◆ **RAW DATA**
[Start of Attachment]

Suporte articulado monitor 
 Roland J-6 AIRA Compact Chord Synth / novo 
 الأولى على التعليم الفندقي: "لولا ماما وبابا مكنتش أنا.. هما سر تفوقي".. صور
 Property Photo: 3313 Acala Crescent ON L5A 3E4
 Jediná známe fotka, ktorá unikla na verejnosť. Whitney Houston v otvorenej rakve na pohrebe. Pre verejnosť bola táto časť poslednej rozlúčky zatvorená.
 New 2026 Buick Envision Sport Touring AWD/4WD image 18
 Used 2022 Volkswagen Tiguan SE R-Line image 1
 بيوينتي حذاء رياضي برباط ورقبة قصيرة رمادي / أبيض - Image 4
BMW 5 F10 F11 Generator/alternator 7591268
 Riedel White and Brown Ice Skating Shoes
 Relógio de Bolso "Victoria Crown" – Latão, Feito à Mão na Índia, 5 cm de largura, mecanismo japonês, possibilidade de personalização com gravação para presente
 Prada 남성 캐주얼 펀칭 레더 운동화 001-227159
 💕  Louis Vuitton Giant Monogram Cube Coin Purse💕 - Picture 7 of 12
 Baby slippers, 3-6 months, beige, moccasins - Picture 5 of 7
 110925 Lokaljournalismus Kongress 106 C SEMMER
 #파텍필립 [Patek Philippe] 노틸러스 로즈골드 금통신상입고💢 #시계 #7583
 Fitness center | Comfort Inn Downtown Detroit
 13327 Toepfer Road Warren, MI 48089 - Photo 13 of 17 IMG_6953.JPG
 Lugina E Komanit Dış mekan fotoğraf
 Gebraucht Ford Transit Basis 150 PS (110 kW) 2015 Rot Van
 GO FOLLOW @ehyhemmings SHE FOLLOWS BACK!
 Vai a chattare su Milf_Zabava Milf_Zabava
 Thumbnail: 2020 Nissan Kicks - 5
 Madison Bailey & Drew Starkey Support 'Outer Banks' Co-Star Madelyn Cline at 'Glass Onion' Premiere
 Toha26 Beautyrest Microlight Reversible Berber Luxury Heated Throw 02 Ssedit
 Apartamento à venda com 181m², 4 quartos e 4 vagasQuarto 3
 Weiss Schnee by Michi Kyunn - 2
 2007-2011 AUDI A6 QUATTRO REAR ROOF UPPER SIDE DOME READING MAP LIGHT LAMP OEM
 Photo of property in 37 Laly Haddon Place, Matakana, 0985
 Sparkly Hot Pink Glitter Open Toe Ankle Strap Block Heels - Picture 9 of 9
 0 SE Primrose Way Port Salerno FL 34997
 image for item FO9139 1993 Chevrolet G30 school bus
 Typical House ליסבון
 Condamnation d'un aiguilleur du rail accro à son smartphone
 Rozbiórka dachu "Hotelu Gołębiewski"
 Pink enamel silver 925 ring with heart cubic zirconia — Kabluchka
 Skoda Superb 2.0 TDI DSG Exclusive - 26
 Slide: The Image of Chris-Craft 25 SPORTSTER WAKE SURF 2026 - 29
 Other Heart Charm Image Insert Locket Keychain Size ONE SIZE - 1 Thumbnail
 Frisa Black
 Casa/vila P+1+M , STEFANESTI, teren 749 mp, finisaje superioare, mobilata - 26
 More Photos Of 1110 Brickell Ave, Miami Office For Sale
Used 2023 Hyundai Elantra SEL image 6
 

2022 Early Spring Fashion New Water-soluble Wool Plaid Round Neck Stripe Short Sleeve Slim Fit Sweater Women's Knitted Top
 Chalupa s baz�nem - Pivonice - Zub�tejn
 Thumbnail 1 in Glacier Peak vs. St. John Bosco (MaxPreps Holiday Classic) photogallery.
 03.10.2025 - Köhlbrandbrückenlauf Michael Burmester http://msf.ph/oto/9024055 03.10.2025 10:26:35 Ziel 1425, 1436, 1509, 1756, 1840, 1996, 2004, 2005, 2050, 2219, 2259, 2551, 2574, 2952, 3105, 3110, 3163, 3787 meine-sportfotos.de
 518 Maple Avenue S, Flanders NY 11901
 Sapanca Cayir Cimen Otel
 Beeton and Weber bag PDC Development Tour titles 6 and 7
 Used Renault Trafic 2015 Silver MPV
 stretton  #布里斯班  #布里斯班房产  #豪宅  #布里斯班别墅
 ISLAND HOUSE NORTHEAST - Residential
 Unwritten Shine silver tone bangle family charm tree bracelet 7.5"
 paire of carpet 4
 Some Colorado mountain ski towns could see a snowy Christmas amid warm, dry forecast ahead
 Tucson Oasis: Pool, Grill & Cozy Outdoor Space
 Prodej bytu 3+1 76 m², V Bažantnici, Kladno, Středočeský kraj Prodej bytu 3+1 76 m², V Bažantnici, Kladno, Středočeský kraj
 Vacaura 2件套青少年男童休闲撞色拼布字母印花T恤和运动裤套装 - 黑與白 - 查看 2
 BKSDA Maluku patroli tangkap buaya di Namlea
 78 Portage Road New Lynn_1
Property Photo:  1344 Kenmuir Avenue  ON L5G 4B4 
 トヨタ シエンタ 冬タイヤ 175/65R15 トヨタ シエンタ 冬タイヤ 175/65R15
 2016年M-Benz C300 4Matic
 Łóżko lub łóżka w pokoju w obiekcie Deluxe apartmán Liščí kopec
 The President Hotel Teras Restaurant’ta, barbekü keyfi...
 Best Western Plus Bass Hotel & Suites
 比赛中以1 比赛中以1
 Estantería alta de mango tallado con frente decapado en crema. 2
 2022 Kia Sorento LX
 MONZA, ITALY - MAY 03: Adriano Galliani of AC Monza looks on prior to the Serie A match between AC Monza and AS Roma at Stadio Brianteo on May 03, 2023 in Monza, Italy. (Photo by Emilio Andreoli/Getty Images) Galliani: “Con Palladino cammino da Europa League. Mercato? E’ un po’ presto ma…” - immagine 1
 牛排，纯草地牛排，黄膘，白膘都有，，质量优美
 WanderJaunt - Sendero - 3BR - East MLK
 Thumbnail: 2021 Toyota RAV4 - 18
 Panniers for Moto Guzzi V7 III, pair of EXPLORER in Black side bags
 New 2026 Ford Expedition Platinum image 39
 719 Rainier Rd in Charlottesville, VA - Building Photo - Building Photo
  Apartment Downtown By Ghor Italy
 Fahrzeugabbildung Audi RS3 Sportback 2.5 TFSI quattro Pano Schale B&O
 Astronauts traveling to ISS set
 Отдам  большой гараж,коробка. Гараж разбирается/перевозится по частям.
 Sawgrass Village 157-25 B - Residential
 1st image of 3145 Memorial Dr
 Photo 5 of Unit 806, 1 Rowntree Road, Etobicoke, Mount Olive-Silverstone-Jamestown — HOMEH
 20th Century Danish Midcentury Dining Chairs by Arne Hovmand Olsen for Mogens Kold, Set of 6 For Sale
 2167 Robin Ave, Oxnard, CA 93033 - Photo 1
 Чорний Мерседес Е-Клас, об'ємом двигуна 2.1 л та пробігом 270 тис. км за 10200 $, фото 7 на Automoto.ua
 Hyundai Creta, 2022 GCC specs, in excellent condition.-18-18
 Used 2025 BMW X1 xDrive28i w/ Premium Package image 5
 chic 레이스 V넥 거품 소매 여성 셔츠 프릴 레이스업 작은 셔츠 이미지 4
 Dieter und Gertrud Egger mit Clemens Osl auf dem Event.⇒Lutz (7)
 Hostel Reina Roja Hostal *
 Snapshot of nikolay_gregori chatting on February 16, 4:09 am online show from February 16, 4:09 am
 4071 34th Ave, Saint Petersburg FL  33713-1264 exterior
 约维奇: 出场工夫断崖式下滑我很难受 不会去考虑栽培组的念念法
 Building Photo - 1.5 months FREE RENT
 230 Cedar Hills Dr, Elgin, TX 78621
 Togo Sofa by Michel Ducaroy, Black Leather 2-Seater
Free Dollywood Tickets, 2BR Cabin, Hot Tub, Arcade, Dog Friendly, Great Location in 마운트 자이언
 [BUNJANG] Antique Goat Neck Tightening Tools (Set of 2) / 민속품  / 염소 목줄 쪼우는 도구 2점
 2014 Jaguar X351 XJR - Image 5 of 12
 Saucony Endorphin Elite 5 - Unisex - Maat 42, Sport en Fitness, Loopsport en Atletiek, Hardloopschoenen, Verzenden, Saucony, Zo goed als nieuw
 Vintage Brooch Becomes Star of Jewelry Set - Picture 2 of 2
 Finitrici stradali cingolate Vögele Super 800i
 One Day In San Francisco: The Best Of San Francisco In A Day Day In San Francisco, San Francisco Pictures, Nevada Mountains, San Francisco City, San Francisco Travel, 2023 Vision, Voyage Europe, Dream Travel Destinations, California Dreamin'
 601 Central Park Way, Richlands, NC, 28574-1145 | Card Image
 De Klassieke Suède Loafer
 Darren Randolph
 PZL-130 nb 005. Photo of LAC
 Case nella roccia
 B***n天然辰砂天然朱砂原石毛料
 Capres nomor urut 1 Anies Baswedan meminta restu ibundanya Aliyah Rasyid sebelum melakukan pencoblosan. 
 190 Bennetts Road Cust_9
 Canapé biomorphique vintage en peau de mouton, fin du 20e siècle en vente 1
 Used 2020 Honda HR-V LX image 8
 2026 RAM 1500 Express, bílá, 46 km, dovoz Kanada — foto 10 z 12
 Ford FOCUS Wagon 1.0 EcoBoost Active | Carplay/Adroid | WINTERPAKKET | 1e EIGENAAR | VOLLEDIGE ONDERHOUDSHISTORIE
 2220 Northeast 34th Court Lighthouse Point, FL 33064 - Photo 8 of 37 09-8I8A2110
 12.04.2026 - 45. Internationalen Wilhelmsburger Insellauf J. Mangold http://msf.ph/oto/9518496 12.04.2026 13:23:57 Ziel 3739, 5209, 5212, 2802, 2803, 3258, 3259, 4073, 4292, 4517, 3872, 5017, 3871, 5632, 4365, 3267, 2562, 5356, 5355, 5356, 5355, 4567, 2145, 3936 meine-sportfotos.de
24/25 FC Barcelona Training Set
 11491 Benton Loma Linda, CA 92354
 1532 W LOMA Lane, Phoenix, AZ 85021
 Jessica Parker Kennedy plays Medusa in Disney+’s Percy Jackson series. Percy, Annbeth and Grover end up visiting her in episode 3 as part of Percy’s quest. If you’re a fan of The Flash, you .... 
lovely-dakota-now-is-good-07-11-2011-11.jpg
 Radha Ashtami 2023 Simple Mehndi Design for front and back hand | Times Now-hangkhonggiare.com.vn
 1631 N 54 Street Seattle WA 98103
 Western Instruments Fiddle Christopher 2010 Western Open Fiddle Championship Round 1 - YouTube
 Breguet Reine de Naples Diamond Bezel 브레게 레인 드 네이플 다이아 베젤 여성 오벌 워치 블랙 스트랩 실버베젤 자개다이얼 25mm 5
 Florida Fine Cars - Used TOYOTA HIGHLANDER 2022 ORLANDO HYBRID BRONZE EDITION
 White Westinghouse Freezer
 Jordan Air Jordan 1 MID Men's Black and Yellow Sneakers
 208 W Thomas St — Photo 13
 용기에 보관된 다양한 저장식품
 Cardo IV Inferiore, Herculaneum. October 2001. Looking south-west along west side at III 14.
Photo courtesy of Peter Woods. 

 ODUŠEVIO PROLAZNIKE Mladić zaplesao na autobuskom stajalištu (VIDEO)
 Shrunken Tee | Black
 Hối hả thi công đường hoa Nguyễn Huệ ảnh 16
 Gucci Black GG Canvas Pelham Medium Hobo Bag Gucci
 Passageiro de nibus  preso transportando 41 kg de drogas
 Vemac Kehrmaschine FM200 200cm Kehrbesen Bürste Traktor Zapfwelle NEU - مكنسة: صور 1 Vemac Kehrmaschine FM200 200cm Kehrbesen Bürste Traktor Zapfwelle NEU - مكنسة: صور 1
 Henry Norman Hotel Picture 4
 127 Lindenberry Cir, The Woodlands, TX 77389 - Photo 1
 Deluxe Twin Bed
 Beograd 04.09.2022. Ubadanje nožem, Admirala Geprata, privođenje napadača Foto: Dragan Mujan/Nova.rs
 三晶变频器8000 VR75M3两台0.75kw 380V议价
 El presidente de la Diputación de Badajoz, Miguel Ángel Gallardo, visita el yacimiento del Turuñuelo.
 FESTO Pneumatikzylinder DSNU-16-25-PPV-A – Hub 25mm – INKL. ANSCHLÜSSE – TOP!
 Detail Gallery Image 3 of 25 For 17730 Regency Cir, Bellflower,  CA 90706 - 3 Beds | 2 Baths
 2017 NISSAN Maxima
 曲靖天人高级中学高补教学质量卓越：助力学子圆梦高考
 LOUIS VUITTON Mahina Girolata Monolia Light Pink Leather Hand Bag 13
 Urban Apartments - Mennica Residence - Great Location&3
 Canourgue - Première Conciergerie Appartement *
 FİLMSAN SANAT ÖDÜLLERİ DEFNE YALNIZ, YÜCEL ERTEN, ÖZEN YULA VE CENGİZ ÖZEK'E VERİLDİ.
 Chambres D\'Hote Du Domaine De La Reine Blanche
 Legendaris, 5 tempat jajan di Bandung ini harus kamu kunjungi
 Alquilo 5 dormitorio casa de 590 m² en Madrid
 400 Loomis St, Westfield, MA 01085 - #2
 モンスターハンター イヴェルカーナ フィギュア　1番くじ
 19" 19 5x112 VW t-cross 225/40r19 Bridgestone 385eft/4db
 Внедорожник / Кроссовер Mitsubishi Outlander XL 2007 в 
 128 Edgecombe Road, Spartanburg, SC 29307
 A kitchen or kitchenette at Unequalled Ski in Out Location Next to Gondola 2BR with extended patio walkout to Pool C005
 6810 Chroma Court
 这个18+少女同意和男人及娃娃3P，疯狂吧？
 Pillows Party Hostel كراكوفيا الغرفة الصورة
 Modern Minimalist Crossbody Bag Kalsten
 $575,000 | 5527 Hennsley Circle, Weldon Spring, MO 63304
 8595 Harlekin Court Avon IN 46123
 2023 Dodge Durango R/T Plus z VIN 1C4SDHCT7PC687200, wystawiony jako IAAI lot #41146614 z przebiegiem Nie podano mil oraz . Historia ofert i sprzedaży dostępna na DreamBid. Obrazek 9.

[End of Attachment]

◆ **WORK REQUIRED**
From the records above, transcribe without alteration every line from the one with "Astronauts traveling to ISS set" to the one with "Photo 5 of Unit", inclusive.

◆ **WRITTEN REPLY**
 Astronauts traveling to ISS set
 Отдам  большой гараж,коробка. Гараж разбирается/перевозится по частям.
 Sawgrass Village 157-25 B - Residential
 1st image of 3145 Memorial Dr
 Photo 5 of Unit 806, 1 Rowntree Road, Etobicoke, Mount Olive-Silverstone-Jamestown — HOMEH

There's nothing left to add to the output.